I have successfully created EMR through:

conn = boto3.client("emr")
cluster_id = conn.run_job_flow()

submitted steps through:

conn = boto3.client("emr")
action = conn.add_job_flow_steps(JobFlowId=cluster_id, Steps=event["steps"])

Now how can this termination be triggered only on the given condition? I saw the boto3 API doc which has client.terminate_job_flows(), but this function doesn't wait for the steps to finish or fail and directly hits the termination process.

Is there a way to change KeepJobFlowAliveWhenNoSteps from TRUE to FALSE when all my steps are done? Then I think it should automatically turn off the cluster. But going by the API docs, didn't find any option to change this parameter once the run_job_flow() is called.

Hope I was able to convey the issue I faced correctly. Any help?

Note: Using Python 3.8 in AWS Lambda. Each steps are Spark jobs.


Solution

  • I agree with your research. The optimal situation would be to set KeepJobFlowAliveWhenNoSteps to FALSE to have the cluster self-terminate.

    I do notice that the RunJobFlow documentation says:

    If the KeepJobFlowAliveWhenNoSteps parameter is set to TRUE, the cluster transitions to the WAITING state rather than shutting down after the steps have completed.

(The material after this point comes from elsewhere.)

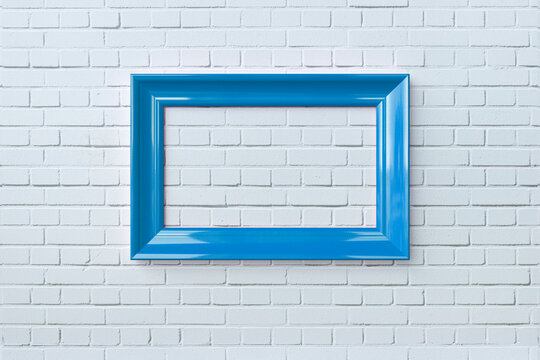 3D Rendering, white brick wall and blue frame. Blue blank frame hanging on white brick wall.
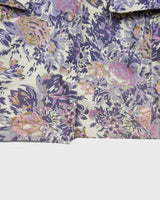 This floral lightweight cotton blazer screams vintage 80s vibes with its long silhouette and shoulder pads!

    Therefore, the Lambda function could check whether the cluster is in the WAITING state and, if so, shutdown the cluster. However, this would take repeated checking.

    It might be possible to submit a final step that calls the EMR API to shutdown the cluster. This means that the cluster is effectively calling for its own termination as a final step. (I haven't tried this concept, but it would be a clean way of performing the shutdown without having to repeatedly check the status.)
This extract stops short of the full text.